OFS reviewer and volunter usher Lucy saw Learning To Fly in September 2022.
Originally, I wasn’t going to write a review. With my life descending into a black hole of appointments, assessments and errands, I thought I wouldn’t have time. Or if I did, that I wouldn’t have the mental space to write it and so it was best to not bother. That may or may not be true, but this for definite is: on 14 September 2022 at The Old Fire Station theatre, commencing at about 8pm, James Rowland performed the newest(ish?) incantation of Learning to Fly, which is currently touring and maturing(?) throughout the UK. This isn’t quite a review, but more a half page homage to theatre that is inspirational and uplifting.
If you’ve not seen anything by James Rowland (yet), I’m saying you could rectify that and it would be like participating in some prodigious occupational therapeutic group that actually… did something. In an hour (or so). I am only basing this off a measly two shows, but in both instances I believe my life improved as a result of watching them. It is the kind of theatre that makes you strive to be a better person. Not by banging on at you, but it somehow just does. It is packed with emotional honesty, kindness and compassion. It’s like curiosity, conversation and a hug from a friend. It is non-judgemental and as open as music. It is collapsing into giggles so total they’re a work-out. It’s a flood of endorphins from a wellspring that’s natural.
Rowland tells a damn good story. It stays with you. It connects. He uses music in innovative and whimsical ways. He is unique, upbeat and engaging. As amiable as a sagacious teddy bear; he is frolicsome and fanciful, convivial and vital.
Learning to Fly tells the story of a sad and sickly boy and a Beethoven-loving old witch who develop an unlikely but edifying friendship in the outskirts of Manchester.

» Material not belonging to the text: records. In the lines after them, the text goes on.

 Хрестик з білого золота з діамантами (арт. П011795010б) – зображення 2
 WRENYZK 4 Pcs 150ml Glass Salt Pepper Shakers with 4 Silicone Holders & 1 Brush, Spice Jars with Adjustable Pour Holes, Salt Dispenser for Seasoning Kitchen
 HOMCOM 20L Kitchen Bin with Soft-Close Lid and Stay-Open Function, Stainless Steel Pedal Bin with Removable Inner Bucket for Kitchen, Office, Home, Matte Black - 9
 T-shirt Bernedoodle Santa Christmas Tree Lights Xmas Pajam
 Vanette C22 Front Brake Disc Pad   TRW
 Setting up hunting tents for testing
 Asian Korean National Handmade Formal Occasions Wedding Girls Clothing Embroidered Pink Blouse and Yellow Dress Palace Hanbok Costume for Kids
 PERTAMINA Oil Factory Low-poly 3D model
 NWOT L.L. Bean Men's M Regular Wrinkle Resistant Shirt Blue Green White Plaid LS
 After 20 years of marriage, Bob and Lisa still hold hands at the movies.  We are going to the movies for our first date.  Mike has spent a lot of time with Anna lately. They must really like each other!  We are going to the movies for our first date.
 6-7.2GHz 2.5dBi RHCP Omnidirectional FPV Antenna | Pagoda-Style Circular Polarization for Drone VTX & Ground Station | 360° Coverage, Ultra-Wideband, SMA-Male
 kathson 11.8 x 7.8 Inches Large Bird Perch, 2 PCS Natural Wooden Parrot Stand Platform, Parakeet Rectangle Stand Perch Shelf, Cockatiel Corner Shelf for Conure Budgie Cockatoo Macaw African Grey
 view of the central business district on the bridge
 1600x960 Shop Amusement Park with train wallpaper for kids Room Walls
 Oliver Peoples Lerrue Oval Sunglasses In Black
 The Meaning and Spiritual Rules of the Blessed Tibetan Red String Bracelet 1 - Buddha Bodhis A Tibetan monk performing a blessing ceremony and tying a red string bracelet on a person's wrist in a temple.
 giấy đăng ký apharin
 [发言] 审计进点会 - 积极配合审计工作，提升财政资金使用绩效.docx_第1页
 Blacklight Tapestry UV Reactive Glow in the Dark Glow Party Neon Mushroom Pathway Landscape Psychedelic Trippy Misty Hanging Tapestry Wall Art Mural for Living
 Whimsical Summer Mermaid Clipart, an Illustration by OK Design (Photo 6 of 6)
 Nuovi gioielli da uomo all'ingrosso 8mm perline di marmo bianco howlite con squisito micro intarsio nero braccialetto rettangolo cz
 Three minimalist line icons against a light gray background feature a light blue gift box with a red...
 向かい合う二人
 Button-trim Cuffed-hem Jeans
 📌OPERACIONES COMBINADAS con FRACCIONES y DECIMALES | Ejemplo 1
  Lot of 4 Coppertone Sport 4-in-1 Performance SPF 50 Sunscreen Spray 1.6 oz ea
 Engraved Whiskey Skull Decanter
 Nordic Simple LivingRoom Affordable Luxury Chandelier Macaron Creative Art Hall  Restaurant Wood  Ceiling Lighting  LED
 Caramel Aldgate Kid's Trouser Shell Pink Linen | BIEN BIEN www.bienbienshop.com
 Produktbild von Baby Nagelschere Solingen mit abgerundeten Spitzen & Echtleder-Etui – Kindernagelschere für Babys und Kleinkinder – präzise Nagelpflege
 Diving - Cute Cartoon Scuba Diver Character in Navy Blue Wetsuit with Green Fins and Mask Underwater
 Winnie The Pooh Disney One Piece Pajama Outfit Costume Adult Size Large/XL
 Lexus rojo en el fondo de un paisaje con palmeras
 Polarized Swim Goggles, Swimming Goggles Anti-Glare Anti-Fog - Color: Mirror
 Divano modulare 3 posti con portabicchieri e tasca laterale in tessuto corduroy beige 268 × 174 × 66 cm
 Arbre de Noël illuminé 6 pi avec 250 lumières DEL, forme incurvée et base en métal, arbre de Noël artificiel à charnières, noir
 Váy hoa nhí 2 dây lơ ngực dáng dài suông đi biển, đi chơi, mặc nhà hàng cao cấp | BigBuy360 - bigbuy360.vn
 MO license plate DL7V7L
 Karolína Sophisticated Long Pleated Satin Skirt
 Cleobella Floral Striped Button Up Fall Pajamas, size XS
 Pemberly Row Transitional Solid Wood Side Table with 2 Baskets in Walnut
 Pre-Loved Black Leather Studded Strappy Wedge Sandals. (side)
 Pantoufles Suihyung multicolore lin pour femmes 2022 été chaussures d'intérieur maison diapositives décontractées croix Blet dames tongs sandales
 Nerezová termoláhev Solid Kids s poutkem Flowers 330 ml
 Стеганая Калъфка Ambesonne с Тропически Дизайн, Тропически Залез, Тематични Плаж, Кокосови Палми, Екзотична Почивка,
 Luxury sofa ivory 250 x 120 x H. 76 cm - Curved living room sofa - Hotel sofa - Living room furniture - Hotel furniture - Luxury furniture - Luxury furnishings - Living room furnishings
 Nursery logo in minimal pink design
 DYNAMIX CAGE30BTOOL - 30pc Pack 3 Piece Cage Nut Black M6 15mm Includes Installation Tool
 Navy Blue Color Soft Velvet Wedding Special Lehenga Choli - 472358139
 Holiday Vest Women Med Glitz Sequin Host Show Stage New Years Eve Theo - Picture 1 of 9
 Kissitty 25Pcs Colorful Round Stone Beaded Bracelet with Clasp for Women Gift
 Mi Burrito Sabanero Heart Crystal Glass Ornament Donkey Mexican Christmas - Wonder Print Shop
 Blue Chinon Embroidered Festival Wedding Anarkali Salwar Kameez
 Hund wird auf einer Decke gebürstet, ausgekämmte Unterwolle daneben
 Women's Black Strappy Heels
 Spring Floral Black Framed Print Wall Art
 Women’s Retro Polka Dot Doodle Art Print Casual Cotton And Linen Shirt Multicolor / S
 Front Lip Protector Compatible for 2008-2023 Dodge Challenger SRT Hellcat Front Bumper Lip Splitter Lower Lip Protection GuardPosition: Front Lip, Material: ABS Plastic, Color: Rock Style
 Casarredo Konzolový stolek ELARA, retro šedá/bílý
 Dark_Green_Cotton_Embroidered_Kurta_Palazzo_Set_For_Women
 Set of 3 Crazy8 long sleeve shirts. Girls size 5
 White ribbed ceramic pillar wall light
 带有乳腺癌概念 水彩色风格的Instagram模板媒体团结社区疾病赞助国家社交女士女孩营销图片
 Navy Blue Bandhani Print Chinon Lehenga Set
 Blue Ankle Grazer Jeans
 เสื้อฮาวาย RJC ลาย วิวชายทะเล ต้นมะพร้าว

It features “mild references to mild references to drugs” (Edinburgh Fringe Festival) and looks at growing up (and getting out) and the great power of (classical) music. It is massively insightful to often hilarious effect and takes us on a roller-coaster of emotional resonance and, like, empathetic response. It gives us ecstasy. It gives us humanity. It gives us essential truth (or the essence of something inexplicable and intangible but real?)
It is theatre that refreshes. It makes you laugh out loud. It grabs you and grips you up and lavishes you in song, satiates you in feeling and pours mounds of quirk and value at your feet.